Bölgede yaşanan dolu yağışının ardından İl Tarım Müdürlüğü ekipleri zarar tespit çalışmaları yaparak bir rapor hazırladı. Tarım İl Müdürü Arif Abalı imzasıyla Valilik makamına verilen raporda, Akdeniz’de 5 bin, Toroslar bin 500, Yenişehir 5 bin 300, Mezitli 4 bin 500, Tarsus 6 bin 300, Erdemli bin 830 ve Silifke’de ise 160 dönüm ekili alanda zarar meydana geldi.

BİRÇOK ÜRÜN ZARAR GÖRDÜ


Raporda, Erdemli’de yeni dikilen baharlık domates fideleri, Mezitli’de erik, şeftali, Yenişehir ve Toroslar ’da erik, şeftali hurma(cennet meyvesi) Akdeniz de özellikle Esenli köyü üzüm bağları, Tarsus’ta erik, şeftali, bağ, kısmı olarak ta limon ürünlerini etkilendi. Raporda zararın 30 milyon TL olduğu belirtildi.

“ZARAR ÇOK DAHA FAZLA”


Mersin Ziraat Mühendisleri Oda Başkanı Deniz Gürbüz, Çiftçi Kayıt Sistemi (ÇKS) bünyesinde yer almayan çiftçilerin zararlarının ise tespit edilmediğini söyledi.
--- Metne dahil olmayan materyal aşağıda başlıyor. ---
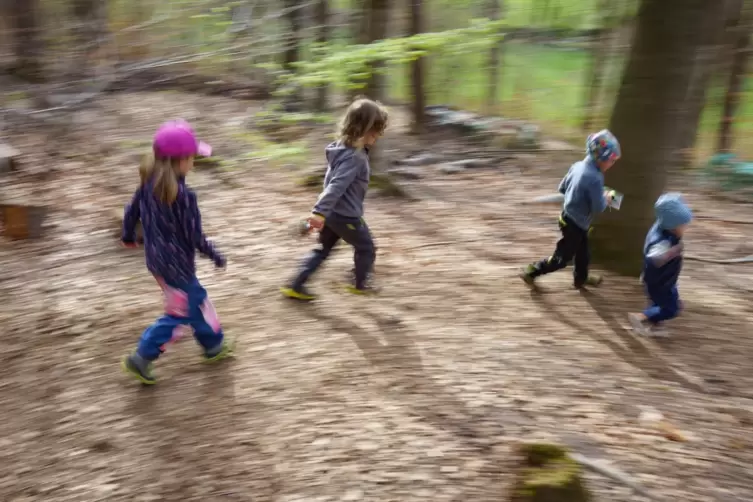 Aufwachsen in der Natur: Für Kinder in einer Wald-Kita-Gruppe ganz normal.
Gürbüz, dolu zararının sisteme kayıtlı olanların da eklenmesi durumunda 35-40 bin dekar da zararın 50-60 milyona ulaşabileceğini dile getirdi.

“TARSİM SİGORTASI OLMAYAN ARAZİLER”


Oda Başkanı Gürbüz, şöyle devam etti; “ÇKS sisteminde kayıtlı olup ve tapusu üzerinde olan çiftçiler Tarsim Sigortası yaptırabiliyorlar. Fakat Tarsim Sigortası bir defa bir zarar ödediği çiftçisine ertesi yıl sigorta yaptırmak için 2 katı prim ödüyor ve primler yüksek. Tapusu olmayan, varisli, 2B‘li araziler vb. bunlar sigorta yaptıramıyor. Veya yüksek sigorta primlerinden dolayı küçük çiftçiler sigorta yaptıramıyor. Bu tür çok tarım yapılan arazi var. Tarsim Sigortası yaptıranlar bazen geç de olsa bir kısmını yani zarar yüzdesine göre sigortadan para alıyor. Fakat sigorta yaptıramayanların zararını kimse karşılamıyor. Bu çiftçiler o yılın masraflarını ödeyemedikleri için çiftçiliği küçültüyor ya da çiftçiliği terk ediyor. Arazilerini satmak zorunda kalıyor. Tarsim sigortası olmayan arazilerinde zararları mutlaka karşılanmalıdır.”

PİYASAYA YANSIR


Gürbüz, bu yıl kış mevsiminin son derece yağışlı geçmesinin ve son olarak da bölgede etkili olan dolu afetinin piyasalara yansıyacağını da vurgulayarak, “Afet yaşanan bölgelerde yıllık rekolte düşecektir. Böylece ürün az olunca fiyatı da yükselip, tüketiciye direk yansıyacaktır. Pazarlarda özellikle çok eksisi görülecek. Fırsatçılar da bu kozu iyi kullanır. Tüccar, kabzımal ya da Ankara İstanbul pazarcıları bunu değerlendirip aşırı bir fiyat politikası izleyebilirler” diye konuştu.